Gray Theory: Brightness, Contrast, Color Temperature

At this point, let's take a look at some technical details of LCDs, including the most important parameters: contrast, brightness and color temperature. The contrast value defines the ratio between the darkest and the lightest signal level that a projector can display. For example: if 2 ANSI lumens of ambient light remain in a completely black area with a maximum luminous efficiency of 1,500 ANSI lumens, the contrast ratio is 750:1 (1500/2). In general, the higher the contrast ratio, the better the display quality.

This one number is not enough to determine quality, however. Essential to an exact reproduction on the screen is a high range of color values between the extremes of black and white. If this is not the case, the result is a faint and murky picture despite a high contrast ratio. This issue particularly plagues certain projectors in the low price range (up to $1,000), yet manufacturers still insist on citing high contrast values on their packaging.

If the brochure is to be believed, our Liesegang projector has a luminous efficiency of 3,500 ANSI lumens. This brightness is sufficient for screens measuring up to 10 feet from corner to corner. Black, however, appears as a light gray on screens this size.

And what about the lamp brightness? A luminous efficiency of 3,000 to 4,000 ANSI lumens should form the basis for a homemade projector. Against a suitable background and with good illumination, this means that screens of up to 8 to 10 feet can be projected. On the other hand, at higher luminous efficiencies, bright scenes on the wall will reflect a lot of light into the room.

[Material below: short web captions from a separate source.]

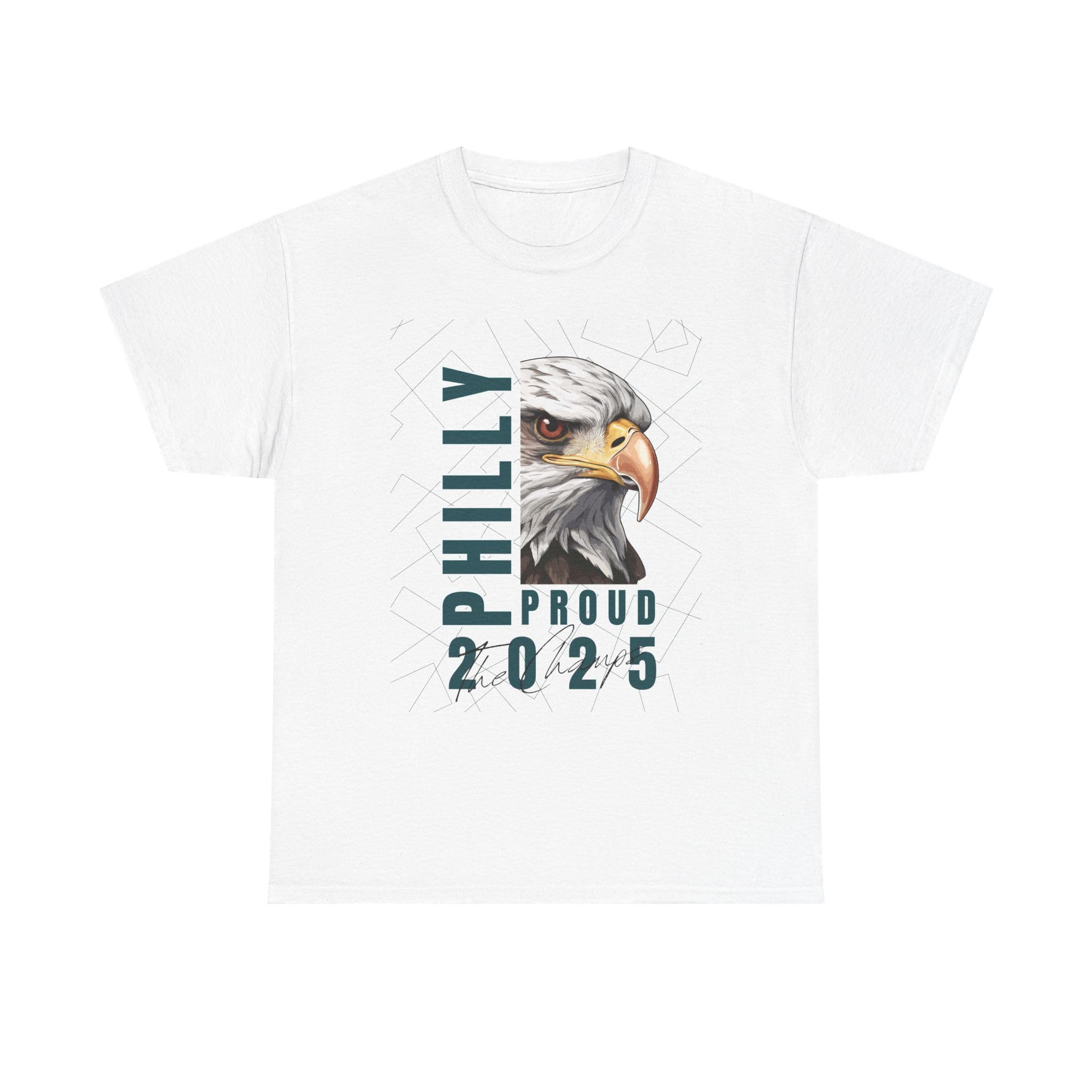 Philly Proud Champions Football T-Shirt, Eagles Pride Merch, Superbowl Merch, Football Lover Shirt, Philly Fan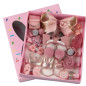 Nildor – Coffret 18 pièces Accessoires Cheveux Rose pour Enfant Nildor – Coffret 18 pièces Accessoires Cheveux Rose pour Enfant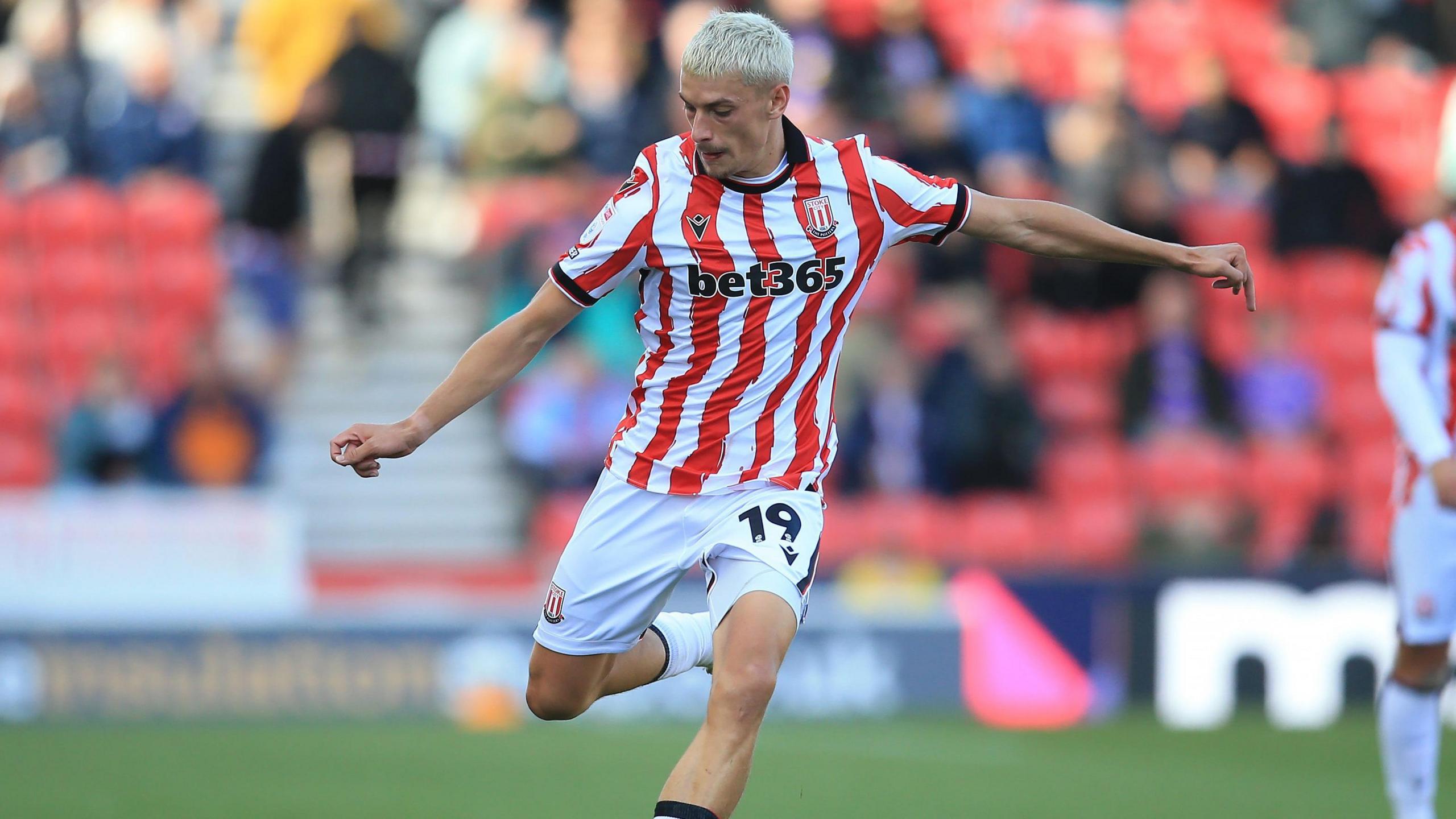 New Stoke arrival Tomas Rigo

Color temperature is also an important factor. A value of 6500K is standard for video films. However, the light source is decisive in determining the color spectrum that a projector is able to achieve. Values between 5500K and 6000K are acceptable; anything above 7000K and the image becomes heavily overdrawn. Metal halide and xenon lamps produce a superb color spectrum, and are in fact a prerequisite for natural color display.